Eso volvió a Haití una “dictadura” de facto, asegura Patrice Dumont, uno de los senadores.
Dijo que incluso si el gobierno actual estuviera dispuesto a celebrar elecciones, es imposible saber si serían posibles debido al firme control de las pandillas en la ciudad.
“Los ciudadanos están perdiendo la confianza en su país. (Haití) se enfrenta a la degradación social”, agrega Dumont. “Ya éramos un país pobre y nos empobrecimos más por esta crisis política”.
Al mismo tiempo, los líderes de pandillas como Cherizier han invocado cada vez más el lenguaje político, apuntando al final de los mandatos de los senadores para cuestionar el poder de Henry.
“El gobierno de Ariel Henry es un gobierno de facto. Es un gobierno que no tiene legitimidad”, afirma Cherizier.
Cherizier, con una pistola metida en la parte trasera de sus pantalones vaqueros, llevó a la AP por su territorio en La Saline, explicando las duras condiciones en las que viven las comunidades. Niega las acusaciones en su contra y afirma que las sanciones que le han impuesto se basan en mentiras.
Cherizier, que no quiso decir a la AP de dónde procedía su dinero, afirma que sólo intenta proporcionar seguridad y mejorar las condiciones en las zonas que controla.
Cherizier caminó entre montones de basura y pasó junto a niños desnutridos que trataban de vender un iPhone con una foto de su rostro en la parte posterior. Un dron de su equipo a cargo de su seguridad personal lo sigue mientras atraviesa hileras de casas abarrotadas hechas de láminas de metal y tablones de madera.
Seguido por un grupo de hombres fuertemente armados y encapuchados, no permitió que AP grabara ni tomara fotos de sus guardias ni de sus armas.
“Somos los malos, pero no somos los malos-malos”, asegura uno de los hombres a una videoperiodista de la AP mientras la conducía a través de un mercado repleto.
Aunque algunos han conjeturado que Cherizier se postularía para el cargo si se celebraran elecciones, Cherizier insiste en que no lo haría.
Lo que está claro, recalca McDermott, de InSight Crime, es que las pandillas están cosechando recompensas entre el caos político.

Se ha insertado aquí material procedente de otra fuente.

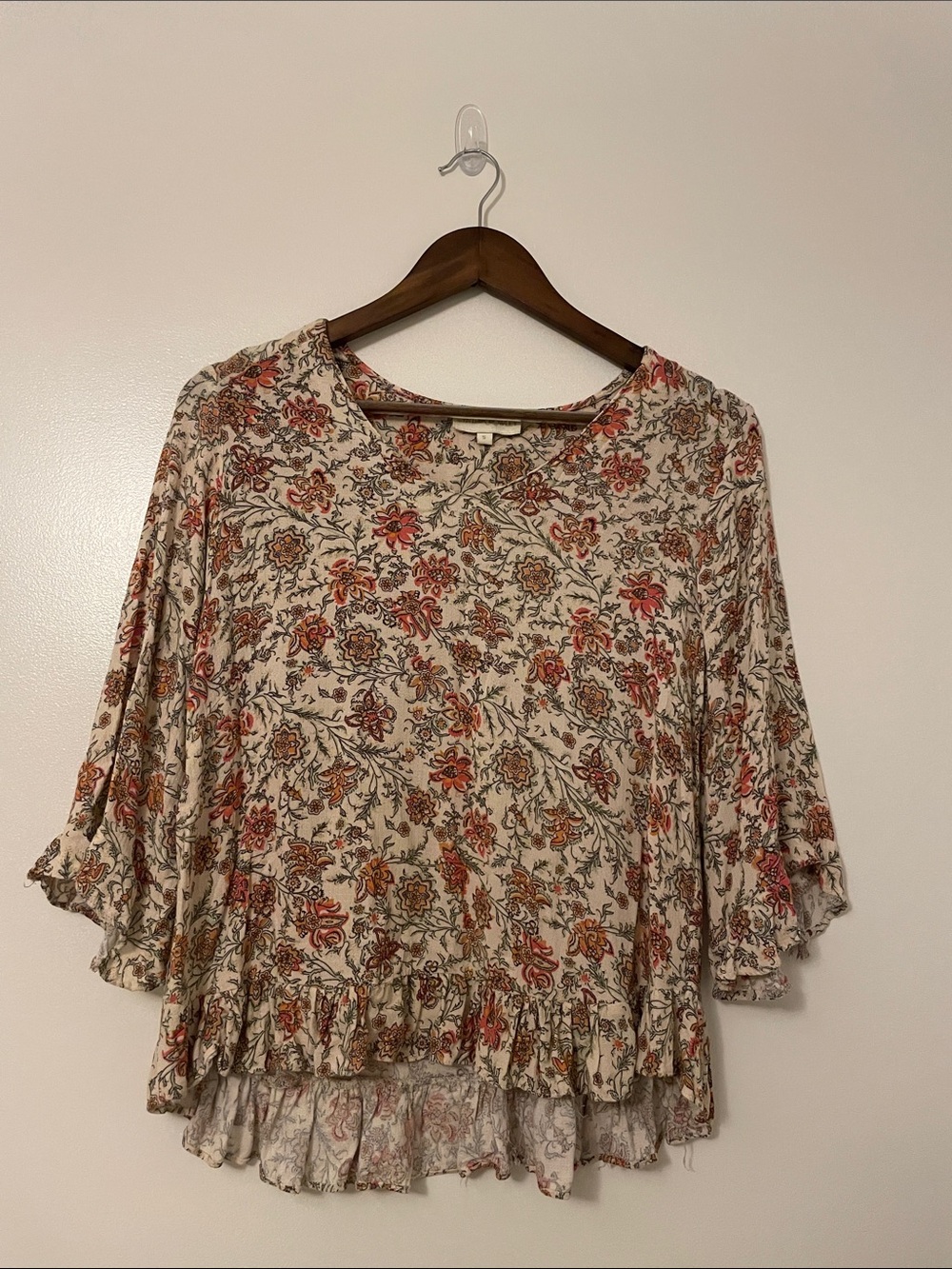 Cynthia Rowley Cream Floral Ruffle Hem Tunic with Rust Accents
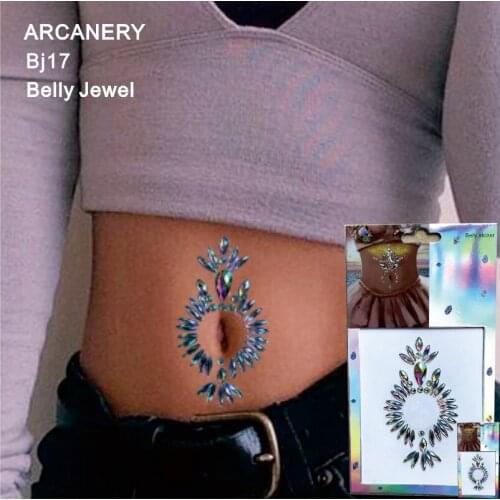 BJ17 1 Piece Resin Belly Button Ring Rhinestone Body Jewelry Sticker Best for Festival Clothing body Art Tattoo Sticker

InSight Crime calcula que antes del asesinato del presidente, la federación de pandillas de Cherizier, el G9, obtenía la mitad de su dinero del propio gobierno, el 30% de los secuestros y el 20% de las extorsiones. Después del asesinato, la financiación del gobierno se redujo significativamente, según la organización.
Sin embargo, sus pandillas ganaron mucho poder después de que su grupo bloqueó la distribución de combustible de una terminal clave de hidrocarburos de Puerto Príncipe durante dos meses a fines del año pasado.
El bloqueo paralizó al país en medio de un brote de cólera y dio bases a otras pandillas para expandirse. Cherizier afirmó que el bloqueo fue en protesta por el aumento de la inflación, la corrupción gubernamental y la profundización de la desigualdad en Haití.
En la actualidad, el G9 controla gran parte del centro de Puerto Príncipe y lucha por el poder en otros lugares del país.
“Desde hace mucho tiempo el Frankenstein político perdió el control del monstruo de las pandillas”, advierte McDermott. “Ahora están arrasando todo el país sin restricciones, ganando dinero de cualquier forma que puedan, principalmente secuestrando”.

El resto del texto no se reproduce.